A dm device can, in general, represent a tree of targets, each of which
handles a sub-range of the range of blocks handled by the parent.

The bio sequencing managed by generic_make_request() requires that bios
are generated and handled in a depth-first manner.  Each call to a
make_request_fn() may submit bios to a single member device, and may
submit bios for a reduced region of the same device as the
make_request_fn.

In particular, any bios submitted to member devices must be expected to
be processed in order, so a later one must never wait for an earlier
one.

This ordering is usually achieved by using bio_split() to reduce a bio
to a size that can be completely handled by one target, and resubmitting
the remainder to the originating device. bio_queue_split() shows the
canonical approach.

dm doesn't follow this approach, largely because it has needed to split
bios since long before bio_split() was available.  It currently can
submit bios to separate targets within the one dm_make_request() call.
Dependencies between these targets, as can happen with dm-snap, can
cause deadlocks if either bios gets stuck behind the other in the queues
managed by generic_make_request().  This requires the 'rescue'
functionality provided by dm_offload_{start,end}.

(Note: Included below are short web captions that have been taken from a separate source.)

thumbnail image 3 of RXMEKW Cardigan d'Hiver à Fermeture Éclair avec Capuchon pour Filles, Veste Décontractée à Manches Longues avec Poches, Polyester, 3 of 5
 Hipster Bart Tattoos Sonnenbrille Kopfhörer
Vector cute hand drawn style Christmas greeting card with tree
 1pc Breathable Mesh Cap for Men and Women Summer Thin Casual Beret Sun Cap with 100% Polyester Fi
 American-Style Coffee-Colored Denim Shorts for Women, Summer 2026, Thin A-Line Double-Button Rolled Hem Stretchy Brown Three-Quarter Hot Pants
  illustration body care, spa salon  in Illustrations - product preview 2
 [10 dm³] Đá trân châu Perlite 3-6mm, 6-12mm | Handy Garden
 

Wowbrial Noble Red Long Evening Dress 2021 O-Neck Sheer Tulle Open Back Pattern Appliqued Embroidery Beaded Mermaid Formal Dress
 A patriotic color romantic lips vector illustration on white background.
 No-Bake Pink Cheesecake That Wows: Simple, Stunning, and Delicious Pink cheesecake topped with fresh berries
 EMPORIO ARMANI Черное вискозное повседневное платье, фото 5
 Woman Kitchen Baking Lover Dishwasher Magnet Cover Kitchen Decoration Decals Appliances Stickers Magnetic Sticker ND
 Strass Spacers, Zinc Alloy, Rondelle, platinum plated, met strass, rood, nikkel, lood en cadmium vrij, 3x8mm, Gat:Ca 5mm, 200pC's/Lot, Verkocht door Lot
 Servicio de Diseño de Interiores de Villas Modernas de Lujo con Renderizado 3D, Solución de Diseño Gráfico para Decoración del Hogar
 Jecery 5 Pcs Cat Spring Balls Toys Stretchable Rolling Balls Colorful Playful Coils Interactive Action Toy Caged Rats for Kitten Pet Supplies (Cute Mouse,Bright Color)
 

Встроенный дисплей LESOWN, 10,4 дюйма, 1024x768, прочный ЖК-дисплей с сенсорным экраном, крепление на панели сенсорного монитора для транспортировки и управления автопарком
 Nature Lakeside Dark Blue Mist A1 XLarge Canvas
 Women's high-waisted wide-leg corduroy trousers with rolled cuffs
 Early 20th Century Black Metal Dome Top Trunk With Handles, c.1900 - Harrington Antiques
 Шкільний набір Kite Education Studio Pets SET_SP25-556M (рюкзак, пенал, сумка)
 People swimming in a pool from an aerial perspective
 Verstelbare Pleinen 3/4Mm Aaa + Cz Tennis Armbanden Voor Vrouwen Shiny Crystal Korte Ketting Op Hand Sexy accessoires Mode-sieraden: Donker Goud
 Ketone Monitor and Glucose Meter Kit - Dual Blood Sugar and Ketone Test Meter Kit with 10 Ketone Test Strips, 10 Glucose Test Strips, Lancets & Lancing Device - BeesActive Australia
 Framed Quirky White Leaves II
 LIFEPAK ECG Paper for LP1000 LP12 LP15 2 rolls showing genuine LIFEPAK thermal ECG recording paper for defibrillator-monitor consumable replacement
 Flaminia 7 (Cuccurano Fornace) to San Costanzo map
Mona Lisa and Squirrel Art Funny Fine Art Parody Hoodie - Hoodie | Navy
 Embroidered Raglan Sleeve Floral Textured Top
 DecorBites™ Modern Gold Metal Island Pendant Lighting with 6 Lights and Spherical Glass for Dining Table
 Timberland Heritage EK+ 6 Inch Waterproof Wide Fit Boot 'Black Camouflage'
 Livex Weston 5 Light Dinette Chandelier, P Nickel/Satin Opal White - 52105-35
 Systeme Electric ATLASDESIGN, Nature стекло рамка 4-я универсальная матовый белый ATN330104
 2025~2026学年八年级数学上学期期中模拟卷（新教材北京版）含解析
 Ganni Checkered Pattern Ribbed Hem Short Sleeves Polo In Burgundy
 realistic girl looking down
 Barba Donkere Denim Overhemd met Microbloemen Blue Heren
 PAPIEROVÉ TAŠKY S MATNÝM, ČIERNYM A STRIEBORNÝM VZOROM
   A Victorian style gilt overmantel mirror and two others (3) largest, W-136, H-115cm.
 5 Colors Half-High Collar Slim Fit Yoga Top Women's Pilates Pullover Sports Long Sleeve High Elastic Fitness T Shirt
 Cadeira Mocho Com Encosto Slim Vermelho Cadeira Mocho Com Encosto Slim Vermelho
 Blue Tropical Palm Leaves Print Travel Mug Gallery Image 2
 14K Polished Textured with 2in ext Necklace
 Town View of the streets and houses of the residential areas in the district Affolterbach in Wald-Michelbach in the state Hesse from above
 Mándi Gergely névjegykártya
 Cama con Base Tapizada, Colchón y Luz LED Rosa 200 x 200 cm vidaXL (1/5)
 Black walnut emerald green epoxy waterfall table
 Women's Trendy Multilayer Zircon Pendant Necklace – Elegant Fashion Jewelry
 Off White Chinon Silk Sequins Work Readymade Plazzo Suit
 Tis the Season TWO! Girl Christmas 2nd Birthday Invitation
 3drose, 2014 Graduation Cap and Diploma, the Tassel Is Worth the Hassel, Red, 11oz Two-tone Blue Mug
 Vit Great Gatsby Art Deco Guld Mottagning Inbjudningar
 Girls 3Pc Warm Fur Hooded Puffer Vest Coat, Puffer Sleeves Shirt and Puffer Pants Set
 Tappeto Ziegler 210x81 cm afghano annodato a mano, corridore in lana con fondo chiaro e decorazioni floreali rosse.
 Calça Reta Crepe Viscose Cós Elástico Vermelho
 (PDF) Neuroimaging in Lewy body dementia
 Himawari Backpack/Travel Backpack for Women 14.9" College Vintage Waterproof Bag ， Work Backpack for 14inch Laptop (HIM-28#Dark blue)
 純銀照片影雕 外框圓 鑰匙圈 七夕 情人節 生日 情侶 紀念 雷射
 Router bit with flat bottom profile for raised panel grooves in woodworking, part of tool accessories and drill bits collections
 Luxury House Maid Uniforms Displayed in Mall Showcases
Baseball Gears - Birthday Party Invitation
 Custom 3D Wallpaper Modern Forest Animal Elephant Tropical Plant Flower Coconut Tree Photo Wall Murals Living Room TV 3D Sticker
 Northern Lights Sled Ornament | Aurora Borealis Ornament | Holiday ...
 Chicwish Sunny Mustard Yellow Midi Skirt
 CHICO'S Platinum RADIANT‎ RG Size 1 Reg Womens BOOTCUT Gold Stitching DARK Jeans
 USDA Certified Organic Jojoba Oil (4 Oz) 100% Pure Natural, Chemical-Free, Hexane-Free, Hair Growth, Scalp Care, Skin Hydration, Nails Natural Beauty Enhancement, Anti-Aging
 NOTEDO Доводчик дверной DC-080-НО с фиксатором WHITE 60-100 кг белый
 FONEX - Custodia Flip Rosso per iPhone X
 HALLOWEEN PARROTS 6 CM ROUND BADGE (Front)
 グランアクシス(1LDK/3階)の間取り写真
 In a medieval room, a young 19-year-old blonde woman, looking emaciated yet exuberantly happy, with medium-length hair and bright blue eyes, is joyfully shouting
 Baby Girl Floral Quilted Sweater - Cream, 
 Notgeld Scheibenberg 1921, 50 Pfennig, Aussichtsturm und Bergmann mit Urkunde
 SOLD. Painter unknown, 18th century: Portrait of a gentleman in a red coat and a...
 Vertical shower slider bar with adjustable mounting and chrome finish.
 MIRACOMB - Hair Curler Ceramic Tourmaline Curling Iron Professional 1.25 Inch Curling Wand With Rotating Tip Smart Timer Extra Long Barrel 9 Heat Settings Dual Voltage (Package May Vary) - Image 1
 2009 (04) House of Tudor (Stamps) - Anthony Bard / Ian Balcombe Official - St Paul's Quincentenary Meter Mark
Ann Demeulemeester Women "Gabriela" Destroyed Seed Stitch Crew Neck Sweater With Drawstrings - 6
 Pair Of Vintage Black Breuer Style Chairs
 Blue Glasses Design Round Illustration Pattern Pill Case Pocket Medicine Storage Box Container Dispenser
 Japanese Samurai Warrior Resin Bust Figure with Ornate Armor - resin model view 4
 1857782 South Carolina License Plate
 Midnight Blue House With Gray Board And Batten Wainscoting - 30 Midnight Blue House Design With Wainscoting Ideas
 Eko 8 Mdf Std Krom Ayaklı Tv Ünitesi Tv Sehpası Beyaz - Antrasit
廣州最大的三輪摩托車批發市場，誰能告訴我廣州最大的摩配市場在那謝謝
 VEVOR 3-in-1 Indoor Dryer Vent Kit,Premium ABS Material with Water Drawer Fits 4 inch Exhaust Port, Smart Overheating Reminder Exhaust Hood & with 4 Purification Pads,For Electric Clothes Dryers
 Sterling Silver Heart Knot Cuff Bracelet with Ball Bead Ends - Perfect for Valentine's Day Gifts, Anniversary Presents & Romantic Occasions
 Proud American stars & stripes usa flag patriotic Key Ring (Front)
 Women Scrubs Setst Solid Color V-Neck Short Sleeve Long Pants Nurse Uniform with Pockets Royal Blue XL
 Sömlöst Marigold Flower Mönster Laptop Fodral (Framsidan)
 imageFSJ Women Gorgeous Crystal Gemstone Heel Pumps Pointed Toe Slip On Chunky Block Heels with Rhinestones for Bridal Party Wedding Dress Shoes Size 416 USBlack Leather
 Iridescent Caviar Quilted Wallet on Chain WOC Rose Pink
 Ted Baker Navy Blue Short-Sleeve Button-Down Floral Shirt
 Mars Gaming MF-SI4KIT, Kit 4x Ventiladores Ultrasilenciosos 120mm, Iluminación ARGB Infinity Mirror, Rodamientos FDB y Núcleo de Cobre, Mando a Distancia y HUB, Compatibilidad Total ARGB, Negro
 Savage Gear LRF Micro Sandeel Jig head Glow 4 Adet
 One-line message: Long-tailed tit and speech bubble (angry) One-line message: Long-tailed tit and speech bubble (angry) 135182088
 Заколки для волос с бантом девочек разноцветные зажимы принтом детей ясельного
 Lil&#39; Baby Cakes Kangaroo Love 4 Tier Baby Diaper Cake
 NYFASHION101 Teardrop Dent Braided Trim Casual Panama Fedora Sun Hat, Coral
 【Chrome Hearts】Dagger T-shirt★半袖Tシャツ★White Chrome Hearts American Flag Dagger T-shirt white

Some of this requirement can be removed by changing the order of bio
submission to follow the canonical approach.  That is, if dm finds that
it needs to split a bio, the remainder should be sent to
generic_make_request() rather than being handled immediately.  This
delays the handling until the first part is completely processed, so the
deadlock problems do not occur.

__split_and_process_bio() can be called both from dm_make_request() and
from dm_wq_work().  When called from dm_wq_work() the current approach
is perfectly satisfactory as each bio will be processed immediately.
When called from dm_make_request(), current->bio_list will be non-NULL,
and in this case it is best to create a separate "clone" bio for the
remainder.

When we use bio_clone_bioset() to split off the front part of a bio
and chain the two together and submit the remainder to
generic_make_request(), it is important that the newly allocated
bio is used as the head to be processed immediately, and the original
bio gets "bio_advance()"d and sent to generic_make_request() as the
remainder.  Otherwise, if the newly allocated bio is used as the
remainder, and if it then needs to be split again, then the next
bio_clone_bioset() call will be made while holding a reference a bio
(result of the first clone) from the same bioset.  This can potentially
exhaust the bioset mempool and result in a memory allocation deadlock.

Note that there is no race caused by reassigning cio.io->bio after already
calling __map_bio().  This bio will only be dereferenced again after
dec_pending() has found io->io_count to be zero, and this cannot happen
before the dec_pending() call at the end of __split_and_process_bio().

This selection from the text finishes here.